Troubleshooting AWS OpsWorks for Chef Automate - AWS OpsWorks

Troubleshooting AWS OpsWorks for Chef Automate

Important

AWS OpsWorks for Chef Automate reached end of life on May 5, 2024 and has been disabled for both new and existing customers. We recommend that existing customers migrate to Chef SaaS or an alternative solution. If you have questions, you can reach out to the AWS Support Team on AWS re:Post or through AWS Premium Support.

This topic contains some common AWS OpsWorks for Chef Automate issues, and suggested solutions for those issues.

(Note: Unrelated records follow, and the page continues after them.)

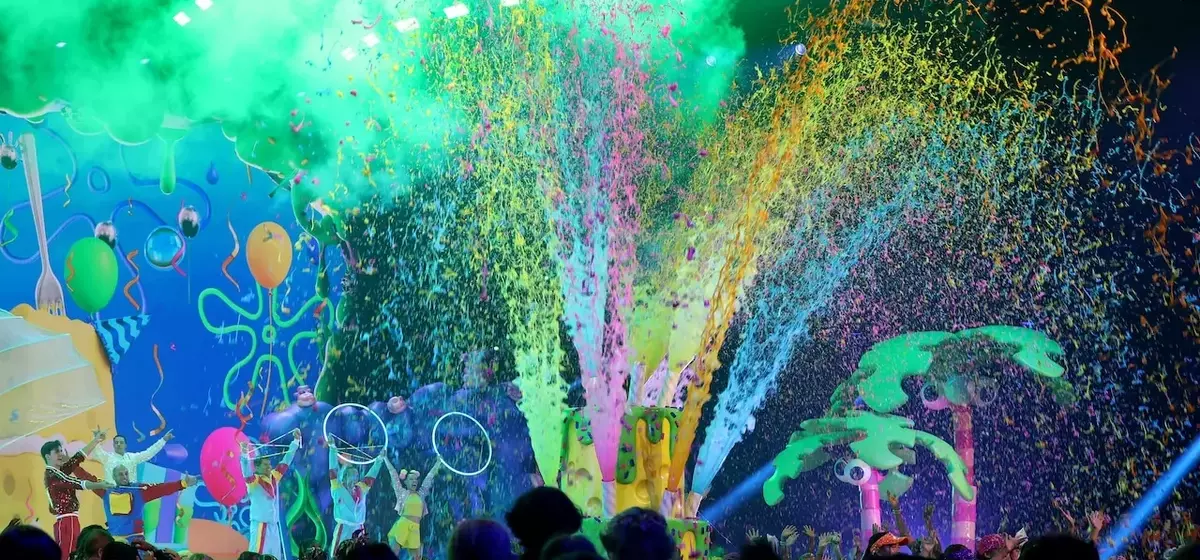 Global Sensation Tyla Hosts Nickelodeon's 38th Annual Kids' Choice Awards
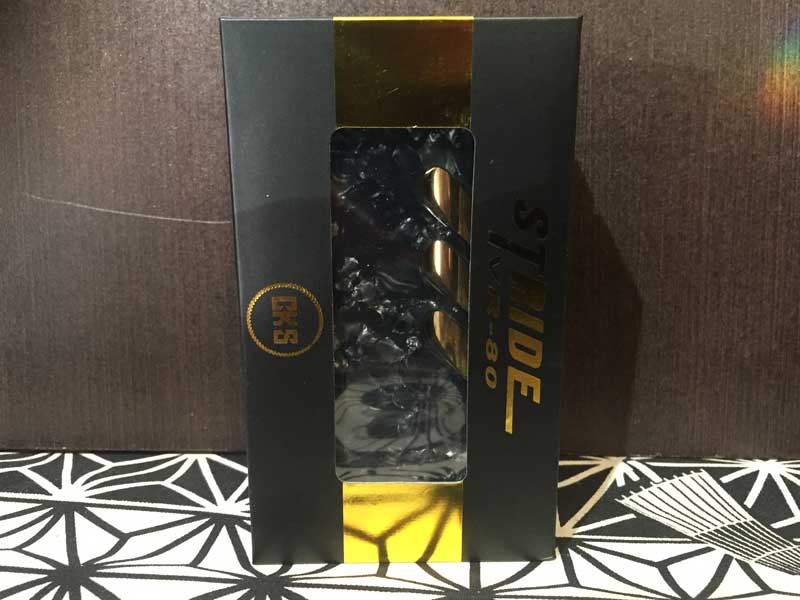 ASMODUS BOX MOD VR Stride 80W TC �A�X���_�X�@�X�g���C�h CKS �S�[���h���u���b�N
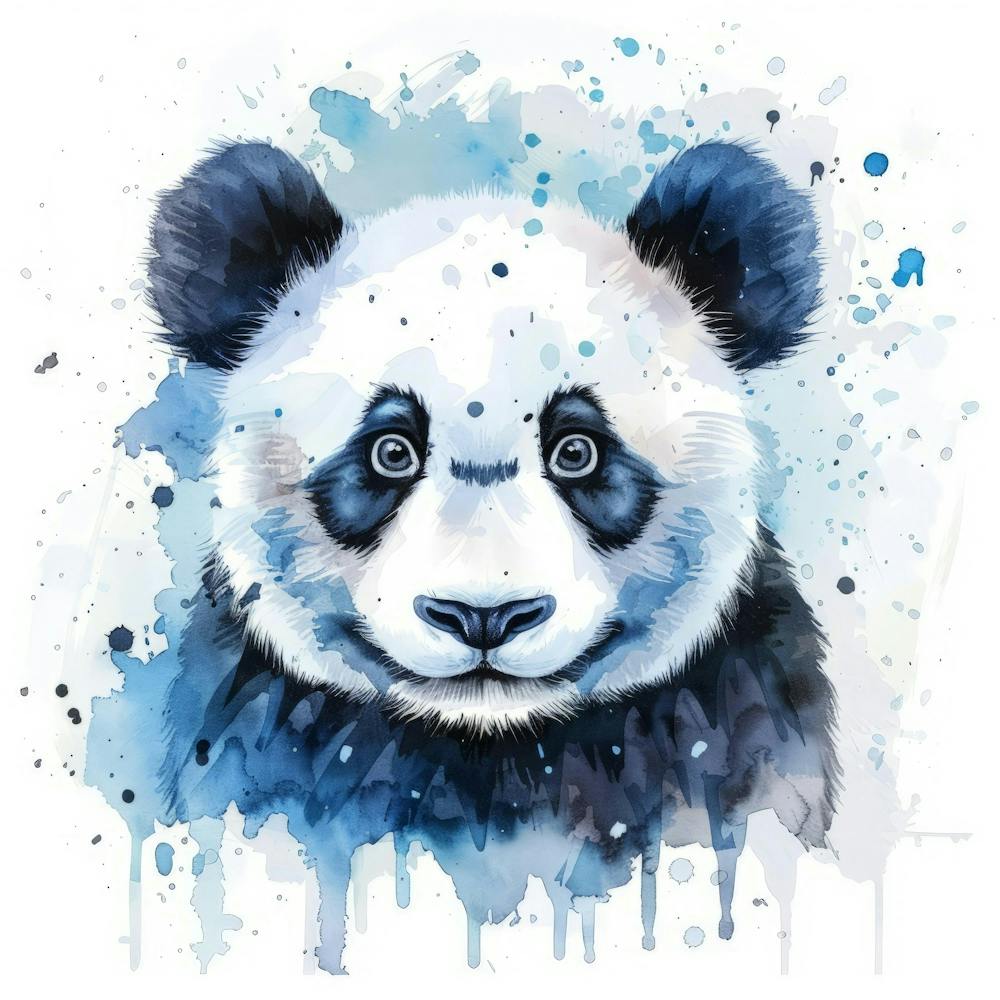 Panda Bear 1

General troubleshooting tips

If you are unable to create or work with a Chef server, you can view error messages or logs to help you troubleshoot the issue. The following tasks describe general places to start when you are troubleshooting a Chef server issue. For information about specific errors and solutions, see the Troubleshooting specific errors section of this topic.

  • Use the AWS OpsWorks for Chef Automate console to view error messages if a Chef server fails to start. On the Chef server detail page, error messages related to launching and running the server are shown at the top of the page. Errors can come from AWS OpsWorks for Chef Automate, AWS CloudFormation, or Amazon EC2, services that are used to create a Chef server. On the detail page, you can also view events that occur on a running server, which can contain failure event messages.

  • To help resolve EC2 issues, connect to your server's instance by using SSH, and view logs. EC2 instance logs are stored in the /var/log/aws/opsworks-cm directory. These logs capture command outputs while AWS OpsWorks for Chef Automate launches a Chef server.

Troubleshooting specific errors

Server is in a Connection lost state

Problem: A server's status shows as Connection lost.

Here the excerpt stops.